The research team described their results in Nature Energy today.

Lighter batteries for far-ranging cars

Like today’s lithium-ion batteries, lithium-metal batteries use lithium ions to ferry charge back and forth between the electrodes. But where lithium-ion batteries have anodes made of graphite, lithium-metal batteries have anodes made of lithium metal, which is much lighter and has the potential to store a lot more energy for a given volume and weight. This is especially important for electric vehicles, which spend a significant amount of energy lugging their heavy batteries around. Lightening their load could drop their cost and increase their driving range, making them more appealing to consumers.
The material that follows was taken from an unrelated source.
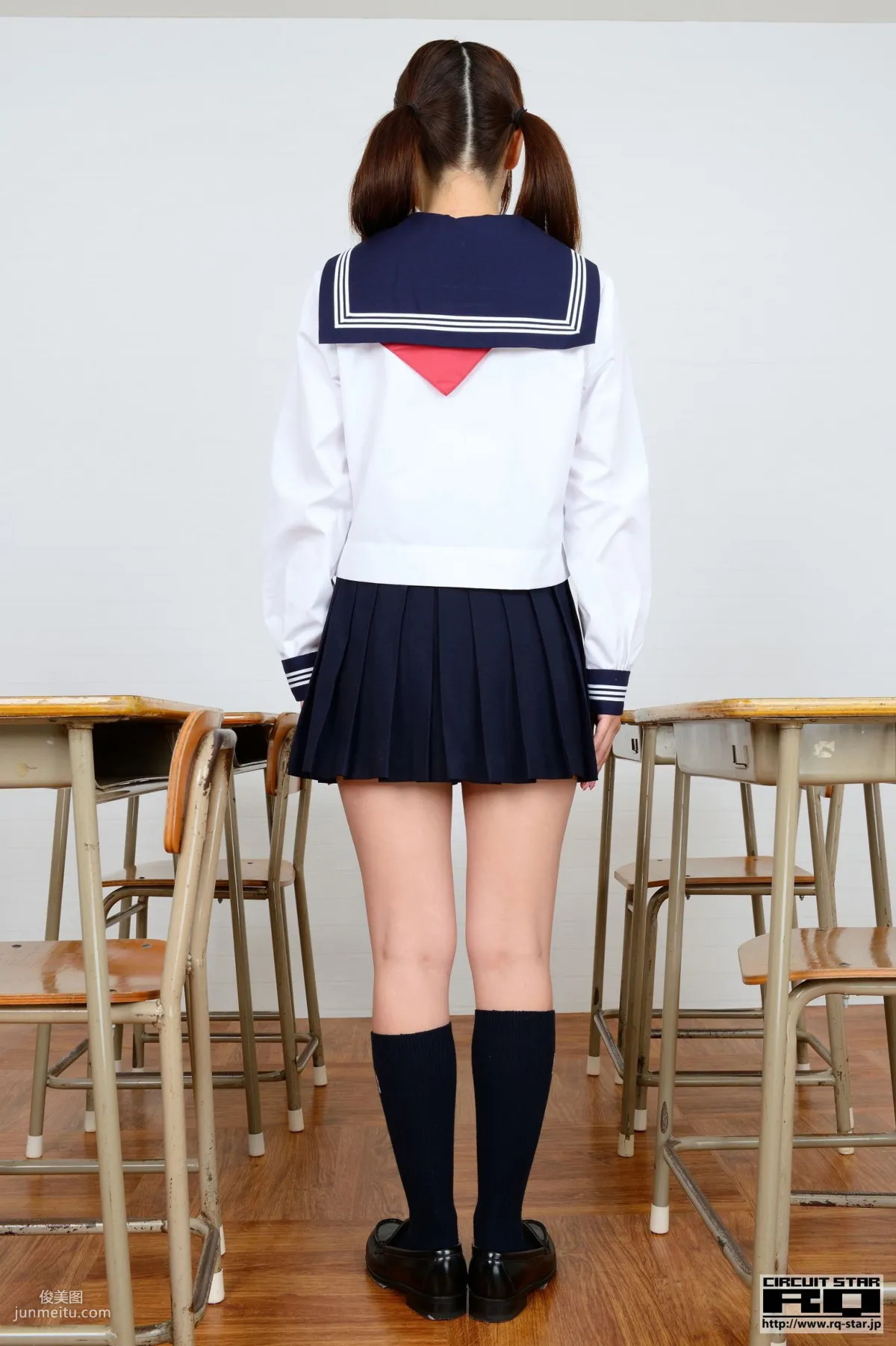 [RQ-STAR] NO.00859 YUKI School Girl 校服 写真集5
The DOE’s Battery 500 Consortium, including SLAC and Stanford, has a goal of developing lithium-metal batteries for electric vehicles that can store almost three times as much charge per unit weight as today’s EV batteries. While they’ve made a lot of progress in increasing the energy density and lifetime of these batteries, they still have a ways to go. They’re also wrestling with the problem of dendrites, finger-like growths on the anode that can make a battery short out and catch fire.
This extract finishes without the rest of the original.